● EXERCISE DIRECTIONS
Exact repetition of a range: find the line containing "奔驰smart,奔驰smart fortwo2009款 smart" and the line containing "Hyundai Kona 39 EV Select 5d" in the material below, then repeat both and all lines between them, leaving pictures out.

● DATA PROVIDED
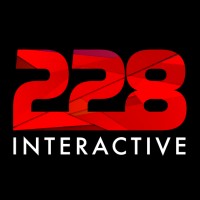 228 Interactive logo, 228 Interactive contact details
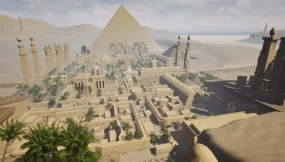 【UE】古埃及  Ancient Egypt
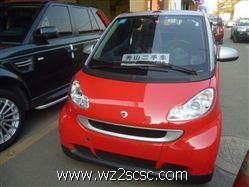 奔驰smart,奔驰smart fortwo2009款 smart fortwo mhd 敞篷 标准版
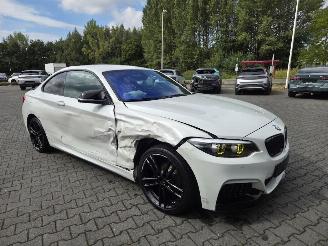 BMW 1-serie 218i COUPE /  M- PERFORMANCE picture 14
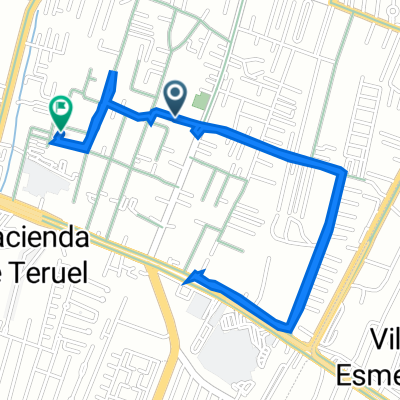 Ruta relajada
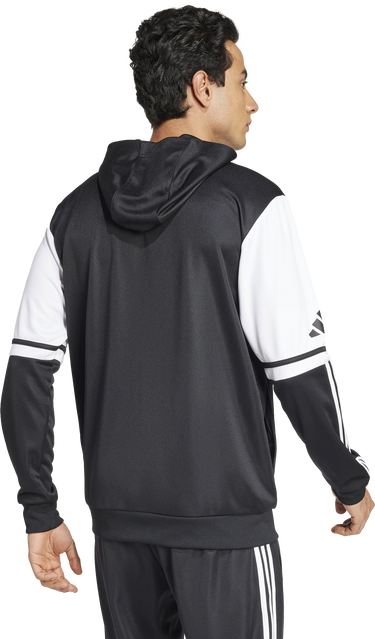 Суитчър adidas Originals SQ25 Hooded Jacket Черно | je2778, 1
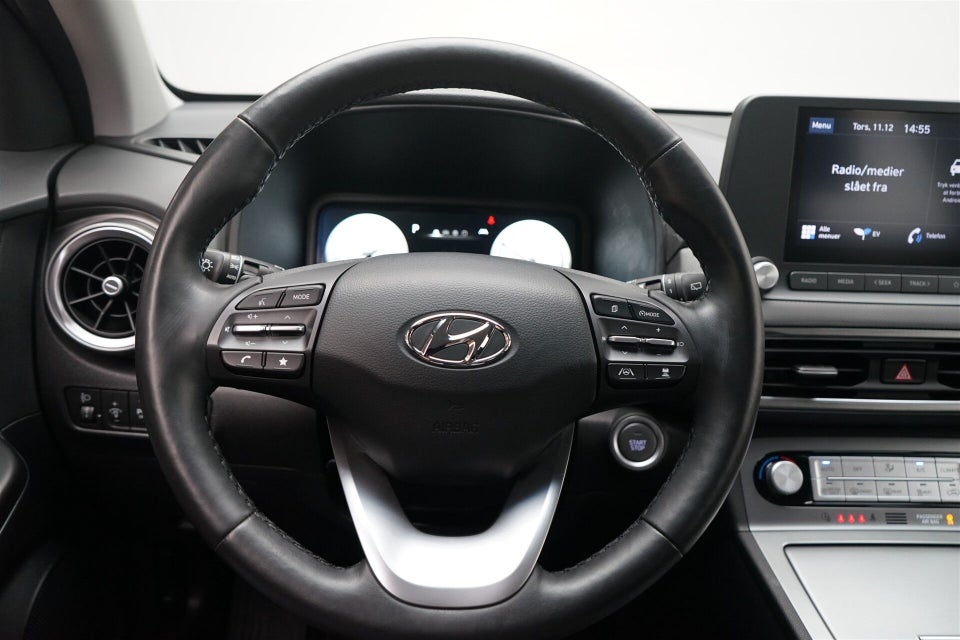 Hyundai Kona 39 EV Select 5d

--

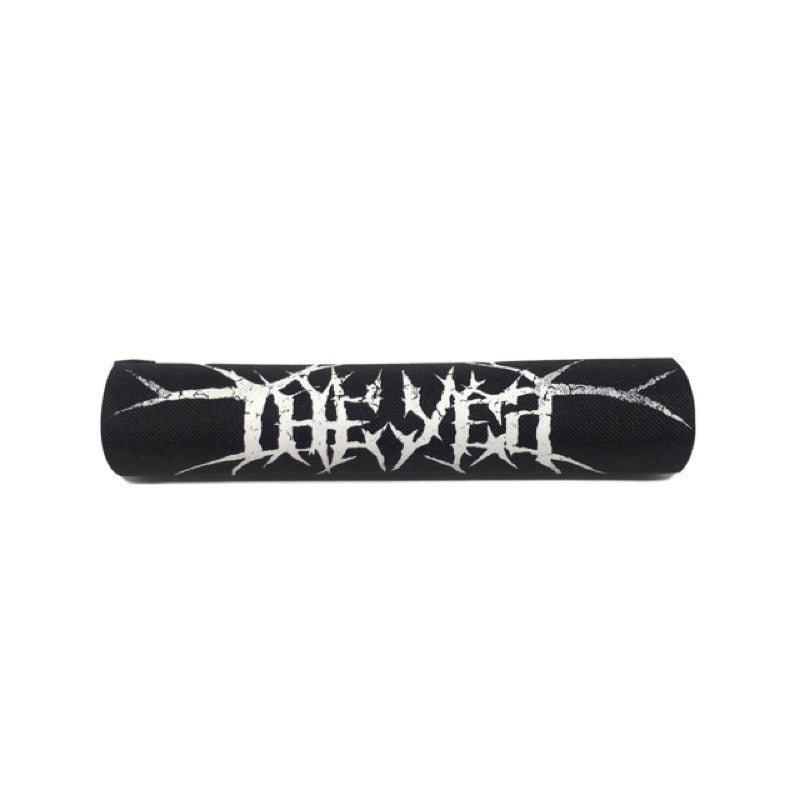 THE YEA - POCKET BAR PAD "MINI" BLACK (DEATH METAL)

● SOLUTION FOR THIS PROBLEM
 奔驰smart,奔驰smart fortwo2009款 smart fortwo mhd 敞篷 标准版
 BMW 1-serie 218i COUPE /  M- PERFORMANCE picture 14
 Ruta relajada
 Суитчър adidas Originals SQ25 Hooded Jacket Черно | je2778, 1
 Hyundai Kona 39 EV Select 5d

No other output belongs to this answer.